Secondo un’indagine della Commissione UE oltre il trenta per cento dei siti di shopping ricorre a espedienti e trabocchetti per persuadere gli utenti a fare acquisti con modalità non realmente vantaggiose per loro, o indurli a rinunciare alla loro privacy con ‘dark pattern’ studiati ad arte per ottenere consensi per usare i dati a loro proprio tornaconto.
E di recente certe tattiche ingannevoli sono costate care anche ad Amazon, che è stata sanzionata per oltre 7 milioni di euro dall’autorità antitrust polacca per avere inserito informazioni importanti sulle condizioni di vendita riportandole scritte in grigio su sfondo bianco nella parte inferiore dell’ultimo passaggio della procedura d’acquisto, e quindi difficilmente percettibile anche dai clienti più attenti.
Ma spesso le multe inflitte alle Big Tech non hanno sortito l’effetto dissuasivo che si proporrebbe l’art. 83 del GDPR, come fa notare Nicola Bernardi, Presidente di Federprivacy: “Quando fu introdotto il Regolamento europeo, le sanzioni fino a 20 milioni di euro o fino al 4% del fatturato dei trasgressori sembravano spaventare le aziende, e in questi anni buona parte dei circa 5 miliardi di euro delle multe sono state inflitte proprio ai colossi del web, che però finora non hanno dato un buon esempio di etica, limitandosi a pagare sistematicamente dazio per poi continuare nel loro business basato sui dati”.

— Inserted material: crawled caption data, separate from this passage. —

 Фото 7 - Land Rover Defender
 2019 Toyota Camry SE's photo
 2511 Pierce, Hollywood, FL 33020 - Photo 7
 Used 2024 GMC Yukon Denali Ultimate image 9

Sebbene il mondo istituzionale e la comunità degli addetti ai lavori sollevino a gran voce la necessità di norme etiche per creare uno sviluppo sostenibile della nuova civiltà digitale, molte aziende sono però attualmente ben lontane anche dal rispetto delle stesse prescrizioni del GDPR e delle indicazioni fornite dal Garante.